The private equity firm first wound ESG [environment, social, and governance] targets into a buyout transaction in August 2021 with the USD 1.2bn carve-out of healthcare-focused IT services provider Hinduja Global Solutions. BPEA’s capital markets team has explored repeating the trick on nearly every new investment since then, as well as on refinancings for existing portfolio companies.
“In most cases, banks are willing to do it – it makes sense for them, for us, and for the companies,” said Zongzhong Tang, the firm's ESG and sustainability manager.
“The mechanism is the same as at the portfolio level, but you can make the ESG targets very specific to the company’s operations. For a manufacturing business, you might focus on electricity consumption as well as climate change and diversity. For a labour-intensive technology company, you might look at how to improve employee retention.”
BPEA is not alone. Investors and advisors across the region report seeing an uptick in sustainability-linked loans (SLLs) in 2021. According to Tracy Wong Harris, head of sustainable finance in Asia at Standard Chartered Bank, last year the SLL market - for investment grade and non-investment grade instruments - grew 3x globally and 7x in Asia. Leveraged loans account for a relatively small piece, but they are on the rise.
Russell Sinclair, head of Australia debt and capital advisory at PwC, claims that SLLs have been contemplated for every leveraged deal to cross his desk in the past six months. “All PE firms want to know what SLLs look like and how they can benefit,” he added. “Lenders are equally excited. There is an alignment between what the funds want and what the lenders are willing to give.”
What emerges is an image of a feeding frenzy that is broadly well-intentioned yet lacking in maturity. Transactions are often run at speed and feature an array of highly negotiated performance metrics, incentives, penalties, and assessment protocols. The timelines and the complexities of dealing with multiple lenders may result in ESG elements being dropped and a reversion to traditional financing.
Industry participants contrast this chaos with the order of sustainable finance in the public markets, acknowledging that private SLLs remain a work in progress. There is also concern that immaturity could be exploited.
“The risk is that this becomes a tick-the-box exercise with sustainability KPIs [key performance indicators] in every term sheet without too much thought about which ones are most meaningful to the ESG issues of the company. It may just become an easy way of getting a discount on a loan,” said William Needham, a managing director in KKR’s credit business. “We need more standardisation and more engagement from lenders to ensure these facilities achieve a true impact.”
Progressive policies
SLLs have taken off in part because they represent a departure from the strictures of fixed income products in sustainable finance. Green bonds rose to prominence in the late 2000s as financing tools for projects that have positive environmental benefits, with their rigidity serving as a selling point. The proceeds can only be used for projects that meet qualification criteria at the time of investment.

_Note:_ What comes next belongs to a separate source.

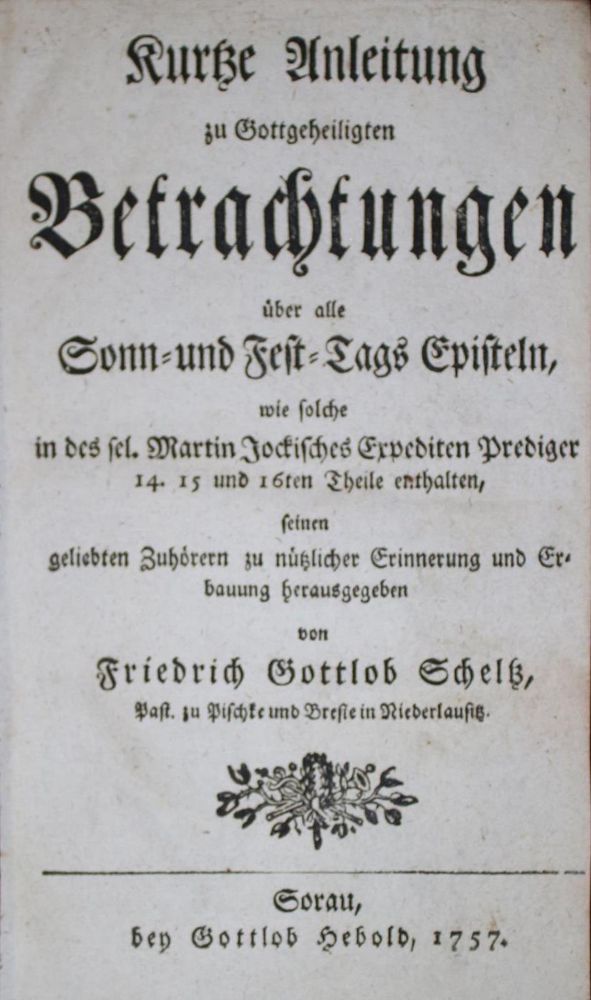 Große Abbildung Nr.1: 134-344 Scheltz,F.G. (Hrsg.).: (Alte Drucke, Handschriften und Theologie)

This approach makes for an uncomfortable fit with ESG and impact strategies where the onus is on helping companies climb the sustainability curve, perhaps from a low starting point. In this context, the use of proceeds requirement for green bonds is limiting.
“As the field has matured, what we’ve realised we need is change over time across all industries,” said Megan Starr, global head of impact at The Carlyle Group. “Every company is impacted by energy transition: we don’t reward them based on whether they are green or brown on day one; we want to reward change over time provided it is material, ambitious, and tied to real performance.”
SLLs, by contrast, are tangible and flexible, cut across sustainability topics, and can be tailored according to the ESG maturity of the target company. And rather than link baseline sustainability to use of proceeds, it is correlated to KPIs that filter through to interest rate discounts.
“One of the challenges faced by the sustainable finance market since its inception is that it has been viewed as somewhat fluffy and niche,” said Xuan Jin, a counsel at White & Case in Hong Kong. “What we see now is hard edges forming and concepts and mechanisms that have achieved a critical mass of recognition among financial market participants, which are capable of being defined and which financial products can be built around.”
The BPEA portfolio-level facility comprises four KPIs with associated sustainability performance targets (SPTs). Two of them relate to broadly applied best practices: the implementation of ESG assessment of investment opportunities; and the introduction of a science-based target for greenhouse gas emissions that covers internal operations and portfolio companies.
The remaining two are specific to emissions and diversity, with BPEA required to ensure compliance in at least three-quarters of portfolio companies, albeit with progressive mechanisms.
For example, companies that currently do not report emissions will be deemed compliant in year one if they start. Those already reporting must set an emissions reduction target in year one, while those already with targets must meet them. For gender diversity, the goal is to reach at least 40% at the senior management level, but there is a recognition that some companies will take time to achieve this.
“A lot of facilities have targets on diversity and climate change because these are more easily quantifiable and measurable, and they can apply to all companies. There are fewer governance-related targets because those topics are more qualitative,” said BPEA’s Tang. “In general, data quality and availability are a challenge. Sometimes, we need to do capacity building at the portfolio companies and make sure they are tracking the correct metrics.”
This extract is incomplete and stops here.